The starting pitchers -- Adam Aponte of Wantagh and Kyle Ritchie of Garden City -- were equally imposing.
Both pitchers delivered as Wantagh (15-0) played a nearly flawless game and rode the arm of Aponte and a strong defensive effort to a 2-0 win over the Trojans.
"We knew we were facing a good pitcher and I was just going to do my best to try and limit their approach at the plate and to try and shut them down," Aponte said.
The senior righthander allowed only one hit -- a single in the fifth by Tom Zwicke -- and walked two with two strikeouts to shut down Garden City (12-3) and clinch the A-I championship for the Warriors.

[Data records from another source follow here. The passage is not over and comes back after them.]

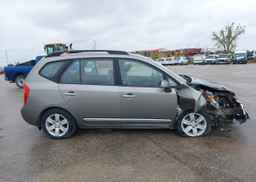 2010 KIA RONDO EX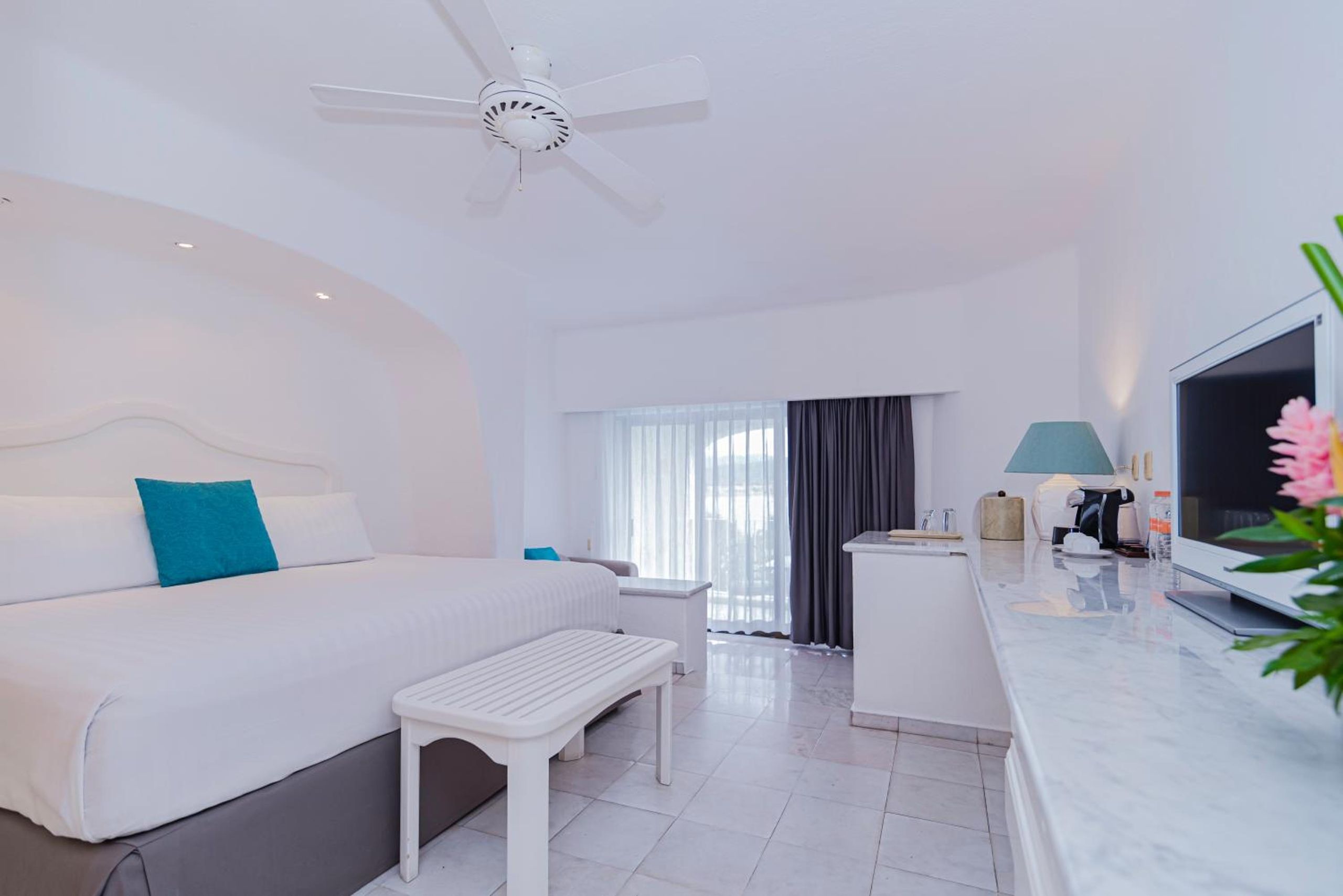 Club de Playa Brisas una Cama King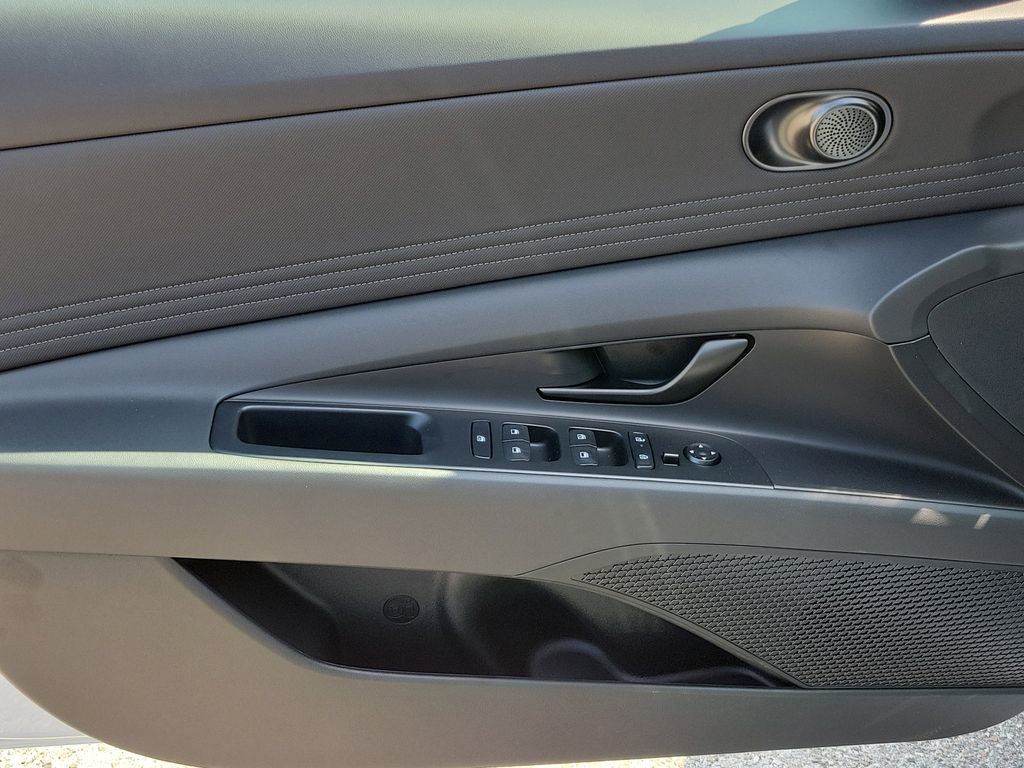 Thumbnail: 2025 Hyundai Elantra - 22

"He handles [the pressure] amazing," Wantagh coach Keith Sachs said. "He's extremely mature and nothing rattles him. If anything looks like it's going wrong he keeps his composure and he's always in control of what he wants to do."
The Warriors struck in the third inning after Mike Davanzo drew a leadoff walk and advanced on a single by Joey Smith that skipped through the vacant spot left after the second basemen went to cover the bag.
Mike Stack then came through with the biggest hit of the game. "I got jammed a little bit and it was on the inside of the bat," he said. "It was an inside fastball and I just did the best I could with it."
He did enough to fight it off toward short leftfield past the shortstop and past the charging leftfielder for an RBI double. Gehrig Montoro followed with an RBI groundout to provide the final margin.
"With Adam pitching, one or two runs is all we need but we wanted to tack on a few more," Stack said. "Two runs are kind of iffy because the tying run can come to the plate at any point so we wanted more but two was enough."
Garden City's Ritchie was impressive as well. The senior allowed only three hits and two walks in six innings and retired the last 12 batters he faced in order. But it was the three-batter stretch in the third that did him in.
"We knew it would be a 2-0, 2-1 game from the beginning," Sachs said. "The game is important -- every at-bat is important and every play you make is important. It's fun baseball to be involved in."